§ Brief
Here is the task for the records below: repeat exactly the lines from the one with "primera tienda de autoservicio" to the one with "Coffret Comansi Fort-Tin", both included, and nothing else.

§ Provided records

——————————

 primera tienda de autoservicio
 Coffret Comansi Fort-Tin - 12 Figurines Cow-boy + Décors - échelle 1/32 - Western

——————————

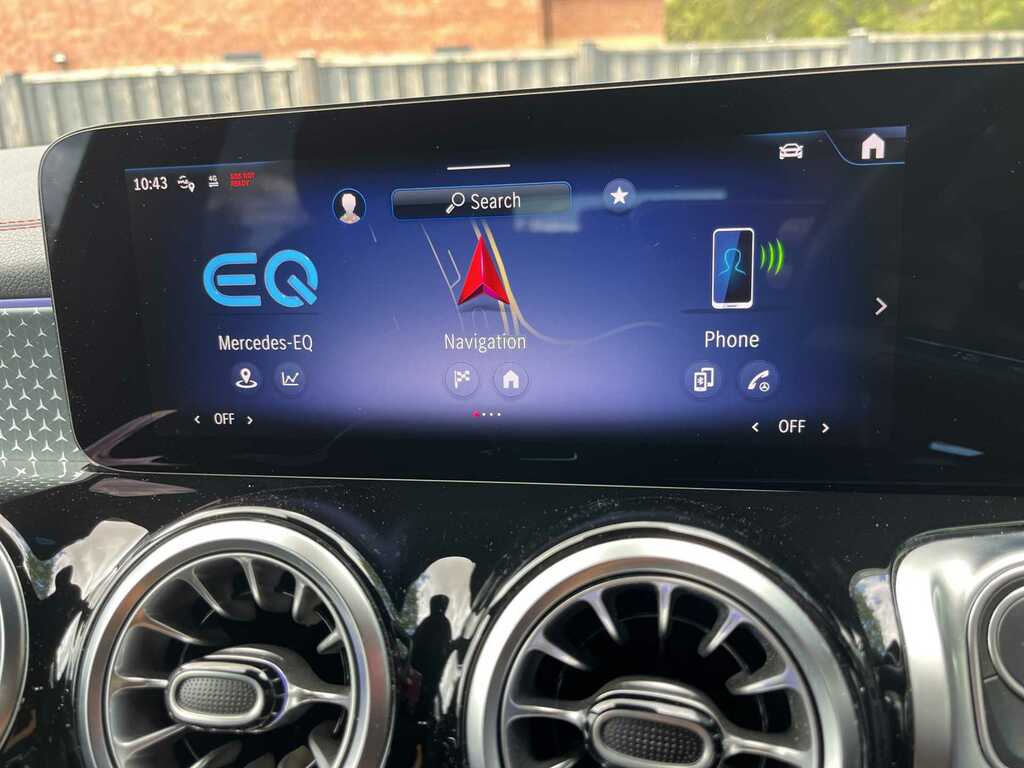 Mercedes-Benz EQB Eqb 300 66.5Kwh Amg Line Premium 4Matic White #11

——————————

§ Written reply
 primera tienda de autoservicio
 Coffret Comansi Fort-Tin - 12 Figurines Cow-boy + Décors - échelle 1/32 - Western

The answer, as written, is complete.